Als es Anfang August 2010 im Grossraum Moskau zu großen Wald- und Torfbränden gekommen war, riet das Auswärtige Amt offiziell von nicht unbedingt erforderlichen Reisen in die Region ab. Bei den Gerichten häuften sich die Fälle, in denen Reisebucher wegen Stornierung ihrer Reise in die Krisenregion den gezahlten Reispreis zurück forderten.

Kündigung wegen höherer Gewalt

Das AG Köln hatte über die Rückzahlungsforderung eines Ehepaars zu entscheiden, das eine Flusskreuzfahrt über St. Petersburg nach Moskau für die kritische Zeit gebucht und diese kurz vor Reiseantritt schriftlich storniert hatte. Das Gericht sah darin eine Kündigung des Reisevertrages wegen höherer Gewalt gemäß § 651 j BGB.  Nach Auffassung des Gerichts stellten die Brände in Moskau und die damit einhergehende Rauchentwicklung in der gesamtem Region ein unvorhersehbares, von Menschenhand - zumindest über einen längeren Zeitraum - nicht beherrschbares Ereignis und damit den Eintritt höherer Gewalt dar.

Gefährdungspotenzial ist entscheidend

Nach Auffassung des Gerichts musste nicht geklärt werden, ob der Veranstalter die Reiseleistungen unter erheblicher Anstrengung möglicherweise vertragsgerecht hätte erbringen können. Eine Kündigung sei nach § 651 j BGB auch schon dann möglich, wenn durch das unvorgesehene Ereignis eine erhebliche Gefährdung der Sicherheit des Reisenden eintrete.

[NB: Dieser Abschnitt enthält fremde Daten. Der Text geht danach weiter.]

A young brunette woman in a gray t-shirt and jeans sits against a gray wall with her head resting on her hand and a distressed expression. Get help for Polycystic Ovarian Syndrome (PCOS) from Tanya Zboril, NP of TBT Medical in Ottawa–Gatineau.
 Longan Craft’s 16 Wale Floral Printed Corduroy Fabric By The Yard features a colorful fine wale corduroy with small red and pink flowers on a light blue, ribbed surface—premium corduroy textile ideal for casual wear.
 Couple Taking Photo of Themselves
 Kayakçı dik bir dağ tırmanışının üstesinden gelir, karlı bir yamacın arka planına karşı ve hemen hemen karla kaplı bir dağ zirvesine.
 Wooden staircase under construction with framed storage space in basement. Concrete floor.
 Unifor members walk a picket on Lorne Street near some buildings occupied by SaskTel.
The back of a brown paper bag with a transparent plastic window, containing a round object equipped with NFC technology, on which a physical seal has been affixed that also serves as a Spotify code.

Dies sei vorliegend aufgrund der eindeutigen Presseberichte, aber insbesondere auch im Hinblick auf die klare Reisewarnung des Auswärtigen Amtes anzunehmen. Zudem sei aus Sicherheitsgründen die Deutsche Botschaft in Moskau geschlossen worden. Dies alles spreche  für eine erhebliche objektive Gefährdung der Sicherheit für Reisende in dieser Region. Mit einer ähnlichen Argumentation haben auch andere Amtsgerichte den Rückerstattungsanspruch von Moskaureisenden in Vergleichsfällen bejaht (AG Weißenfels, Urteil v 18.05.2011, 1 C 626/10).

Mittelbare Beeinträchtigungen reichen nicht für Kündigung

Juristen warnen in diesem Zusammenhang allerdings davor, die Moskauer Entscheidungen vorschnell auf die derzeitige Situation in Südeuropa zu übertragen. Insbesondere existieren keine Sicherheitswarnungen des Auswärtigen Amtes für bestimmte Regionen. Brände in der Nähe des Urlaubsortes und möglicherweise Unannehmlichkeiten durch Löscharbeiten oder maßvolle Rauchentwicklung seien für die Kündigung einer Reise alleine noch kein hinreichender Grund. Es müsse vielmehr konkret der gebuchte Urlaubsort massiv betroffen sein.

(AG Köln, Urteil v 06.06.2011, 142 C 599/10).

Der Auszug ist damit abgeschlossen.